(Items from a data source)
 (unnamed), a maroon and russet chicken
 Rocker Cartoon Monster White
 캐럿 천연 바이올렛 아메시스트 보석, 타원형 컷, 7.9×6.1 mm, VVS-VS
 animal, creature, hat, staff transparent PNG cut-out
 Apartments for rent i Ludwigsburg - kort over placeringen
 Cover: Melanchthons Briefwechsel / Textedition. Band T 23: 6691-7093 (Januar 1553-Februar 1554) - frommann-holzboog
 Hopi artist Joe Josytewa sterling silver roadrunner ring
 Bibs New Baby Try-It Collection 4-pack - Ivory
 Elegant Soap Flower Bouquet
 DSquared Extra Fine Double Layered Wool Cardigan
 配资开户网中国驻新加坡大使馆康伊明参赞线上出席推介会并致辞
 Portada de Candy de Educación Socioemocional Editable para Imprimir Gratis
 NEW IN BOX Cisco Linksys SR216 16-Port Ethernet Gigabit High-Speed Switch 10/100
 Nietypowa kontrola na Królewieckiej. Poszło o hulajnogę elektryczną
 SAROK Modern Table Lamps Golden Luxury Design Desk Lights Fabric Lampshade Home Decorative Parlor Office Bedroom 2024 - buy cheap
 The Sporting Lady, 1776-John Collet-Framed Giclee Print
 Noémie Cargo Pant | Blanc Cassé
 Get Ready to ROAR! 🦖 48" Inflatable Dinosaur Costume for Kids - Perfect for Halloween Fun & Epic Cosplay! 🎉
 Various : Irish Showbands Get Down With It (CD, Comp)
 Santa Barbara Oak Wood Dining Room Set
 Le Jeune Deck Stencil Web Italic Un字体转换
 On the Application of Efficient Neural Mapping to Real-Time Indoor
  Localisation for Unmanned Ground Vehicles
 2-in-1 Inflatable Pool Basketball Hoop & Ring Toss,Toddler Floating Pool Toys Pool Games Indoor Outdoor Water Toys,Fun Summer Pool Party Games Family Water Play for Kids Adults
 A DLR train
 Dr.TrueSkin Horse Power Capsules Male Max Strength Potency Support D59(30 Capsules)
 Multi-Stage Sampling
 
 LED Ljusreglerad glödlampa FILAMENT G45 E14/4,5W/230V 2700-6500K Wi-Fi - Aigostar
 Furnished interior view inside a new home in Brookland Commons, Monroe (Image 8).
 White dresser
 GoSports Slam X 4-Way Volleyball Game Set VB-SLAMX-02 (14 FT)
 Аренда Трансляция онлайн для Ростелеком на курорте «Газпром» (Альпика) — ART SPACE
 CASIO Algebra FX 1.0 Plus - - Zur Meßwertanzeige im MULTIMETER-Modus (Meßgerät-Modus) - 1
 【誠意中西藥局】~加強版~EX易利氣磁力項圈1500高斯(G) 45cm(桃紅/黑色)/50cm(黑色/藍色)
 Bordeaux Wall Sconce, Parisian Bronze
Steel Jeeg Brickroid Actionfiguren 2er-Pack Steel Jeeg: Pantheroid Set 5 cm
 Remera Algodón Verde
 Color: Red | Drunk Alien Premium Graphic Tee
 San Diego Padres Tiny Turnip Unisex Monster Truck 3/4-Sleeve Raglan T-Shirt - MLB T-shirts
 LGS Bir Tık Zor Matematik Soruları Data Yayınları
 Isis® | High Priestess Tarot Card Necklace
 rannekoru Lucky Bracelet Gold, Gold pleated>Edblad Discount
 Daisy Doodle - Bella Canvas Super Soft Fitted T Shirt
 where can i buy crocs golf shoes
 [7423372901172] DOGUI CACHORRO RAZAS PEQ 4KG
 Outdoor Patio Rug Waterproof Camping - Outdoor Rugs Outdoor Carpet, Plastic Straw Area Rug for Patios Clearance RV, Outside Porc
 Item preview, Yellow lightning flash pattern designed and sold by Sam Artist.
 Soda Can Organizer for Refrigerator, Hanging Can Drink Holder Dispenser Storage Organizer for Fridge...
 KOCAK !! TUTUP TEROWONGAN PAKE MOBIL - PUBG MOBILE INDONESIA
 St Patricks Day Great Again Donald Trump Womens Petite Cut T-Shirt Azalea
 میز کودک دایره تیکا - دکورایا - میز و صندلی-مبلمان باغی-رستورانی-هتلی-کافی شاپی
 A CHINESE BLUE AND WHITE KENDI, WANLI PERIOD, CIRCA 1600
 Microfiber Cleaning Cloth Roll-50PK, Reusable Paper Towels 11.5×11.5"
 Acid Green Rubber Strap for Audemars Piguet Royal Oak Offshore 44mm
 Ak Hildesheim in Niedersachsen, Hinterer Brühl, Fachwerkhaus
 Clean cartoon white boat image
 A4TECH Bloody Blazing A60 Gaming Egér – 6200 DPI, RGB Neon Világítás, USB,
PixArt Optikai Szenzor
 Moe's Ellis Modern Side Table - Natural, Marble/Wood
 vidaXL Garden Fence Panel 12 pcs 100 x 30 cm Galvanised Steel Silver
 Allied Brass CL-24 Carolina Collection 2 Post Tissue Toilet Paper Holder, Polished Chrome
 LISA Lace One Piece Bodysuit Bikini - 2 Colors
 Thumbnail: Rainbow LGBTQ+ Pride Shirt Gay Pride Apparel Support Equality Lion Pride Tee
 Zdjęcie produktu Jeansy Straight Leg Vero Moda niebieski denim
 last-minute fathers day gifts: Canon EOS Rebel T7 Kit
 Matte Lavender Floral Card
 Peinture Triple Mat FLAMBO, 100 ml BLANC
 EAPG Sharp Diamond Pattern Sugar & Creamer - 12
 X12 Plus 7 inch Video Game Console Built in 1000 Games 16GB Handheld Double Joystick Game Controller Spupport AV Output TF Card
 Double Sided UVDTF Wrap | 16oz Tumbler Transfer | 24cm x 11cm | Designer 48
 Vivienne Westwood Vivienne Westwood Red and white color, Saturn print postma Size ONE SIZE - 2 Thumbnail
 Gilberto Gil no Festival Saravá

_ABOUT THIS TASK_. The records above are to be copied out exactly, line for line.

_EXPECTED ANSWER_.
 (unnamed), a maroon and russet chicken
 Rocker Cartoon Monster White
 캐럿 천연 바이올렛 아메시스트 보석, 타원형 컷, 7.9×6.1 mm, VVS-VS
 animal, creature, hat, staff transparent PNG cut-out
 Apartments for rent i Ludwigsburg - kort over placeringen
 Cover: Melanchthons Briefwechsel / Textedition. Band T 23: 6691-7093 (Januar 1553-Februar 1554) - frommann-holzboog
 Hopi artist Joe Josytewa sterling silver roadrunner ring
 Bibs New Baby Try-It Collection 4-pack - Ivory
 Elegant Soap Flower Bouquet
 DSquared Extra Fine Double Layered Wool Cardigan
 配资开户网中国驻新加坡大使馆康伊明参赞线上出席推介会并致辞
 Portada de Candy de Educación Socioemocional Editable para Imprimir Gratis
 NEW IN BOX Cisco Linksys SR216 16-Port Ethernet Gigabit High-Speed Switch 10/100
 Nietypowa kontrola na Królewieckiej. Poszło o hulajnogę elektryczną
 SAROK Modern Table Lamps Golden Luxury Design Desk Lights Fabric Lampshade Home Decorative Parlor Office Bedroom 2024 - buy cheap
 The Sporting Lady, 1776-John Collet-Framed Giclee Print
 Noémie Cargo Pant | Blanc Cassé
 Get Ready to ROAR! 🦖 48" Inflatable Dinosaur Costume for Kids - Perfect for Halloween Fun & Epic Cosplay! 🎉
 Various : Irish Showbands Get Down With It (CD, Comp)
 Santa Barbara Oak Wood Dining Room Set
 Le Jeune Deck Stencil Web Italic Un字体转换
 On the Application of Efficient Neural Mapping to Real-Time Indoor
  Localisation for Unmanned Ground Vehicles
 2-in-1 Inflatable Pool Basketball Hoop & Ring Toss,Toddler Floating Pool Toys Pool Games Indoor Outdoor Water Toys,Fun Summer Pool Party Games Family Water Play for Kids Adults
 A DLR train
 Dr.TrueSkin Horse Power Capsules Male Max Strength Potency Support D59(30 Capsules)
 Multi-Stage Sampling
 
 LED Ljusreglerad glödlampa FILAMENT G45 E14/4,5W/230V 2700-6500K Wi-Fi - Aigostar
 Furnished interior view inside a new home in Brookland Commons, Monroe (Image 8).
 White dresser
 GoSports Slam X 4-Way Volleyball Game Set VB-SLAMX-02 (14 FT)
 Аренда Трансляция онлайн для Ростелеком на курорте «Газпром» (Альпика) — ART SPACE
 CASIO Algebra FX 1.0 Plus - - Zur Meßwertanzeige im MULTIMETER-Modus (Meßgerät-Modus) - 1
 【誠意中西藥局】~加強版~EX易利氣磁力項圈1500高斯(G) 45cm(桃紅/黑色)/50cm(黑色/藍色)
 Bordeaux Wall Sconce, Parisian Bronze
Steel Jeeg Brickroid Actionfiguren 2er-Pack Steel Jeeg: Pantheroid Set 5 cm
 Remera Algodón Verde
 Color: Red | Drunk Alien Premium Graphic Tee
 San Diego Padres Tiny Turnip Unisex Monster Truck 3/4-Sleeve Raglan T-Shirt - MLB T-shirts
 LGS Bir Tık Zor Matematik Soruları Data Yayınları
 Isis® | High Priestess Tarot Card Necklace
 rannekoru Lucky Bracelet Gold, Gold pleated>Edblad Discount
 Daisy Doodle - Bella Canvas Super Soft Fitted T Shirt
 where can i buy crocs golf shoes
 [7423372901172] DOGUI CACHORRO RAZAS PEQ 4KG
 Outdoor Patio Rug Waterproof Camping - Outdoor Rugs Outdoor Carpet, Plastic Straw Area Rug for Patios Clearance RV, Outside Porc
 Item preview, Yellow lightning flash pattern designed and sold by Sam Artist.
 Soda Can Organizer for Refrigerator, Hanging Can Drink Holder Dispenser Storage Organizer for Fridge...
 KOCAK !! TUTUP TEROWONGAN PAKE MOBIL - PUBG MOBILE INDONESIA
 St Patricks Day Great Again Donald Trump Womens Petite Cut T-Shirt Azalea
 میز کودک دایره تیکا - دکورایا - میز و صندلی-مبلمان باغی-رستورانی-هتلی-کافی شاپی
 A CHINESE BLUE AND WHITE KENDI, WANLI PERIOD, CIRCA 1600
 Microfiber Cleaning Cloth Roll-50PK, Reusable Paper Towels 11.5×11.5"
 Acid Green Rubber Strap for Audemars Piguet Royal Oak Offshore 44mm
 Ak Hildesheim in Niedersachsen, Hinterer Brühl, Fachwerkhaus
 Clean cartoon white boat image
 A4TECH Bloody Blazing A60 Gaming Egér – 6200 DPI, RGB Neon Világítás, USB,
PixArt Optikai Szenzor
 Moe's Ellis Modern Side Table - Natural, Marble/Wood
 vidaXL Garden Fence Panel 12 pcs 100 x 30 cm Galvanised Steel Silver
 Allied Brass CL-24 Carolina Collection 2 Post Tissue Toilet Paper Holder, Polished Chrome
 LISA Lace One Piece Bodysuit Bikini - 2 Colors
 Thumbnail: Rainbow LGBTQ+ Pride Shirt Gay Pride Apparel Support Equality Lion Pride Tee
 Zdjęcie produktu Jeansy Straight Leg Vero Moda niebieski denim
 last-minute fathers day gifts: Canon EOS Rebel T7 Kit
 Matte Lavender Floral Card
 Peinture Triple Mat FLAMBO, 100 ml BLANC
 EAPG Sharp Diamond Pattern Sugar & Creamer - 12
 X12 Plus 7 inch Video Game Console Built in 1000 Games 16GB Handheld Double Joystick Game Controller Spupport AV Output TF Card
 Double Sided UVDTF Wrap | 16oz Tumbler Transfer | 24cm x 11cm | Designer 48
 Vivienne Westwood Vivienne Westwood Red and white color, Saturn print postma Size ONE SIZE - 2 Thumbnail
 Gilberto Gil no Festival Saravá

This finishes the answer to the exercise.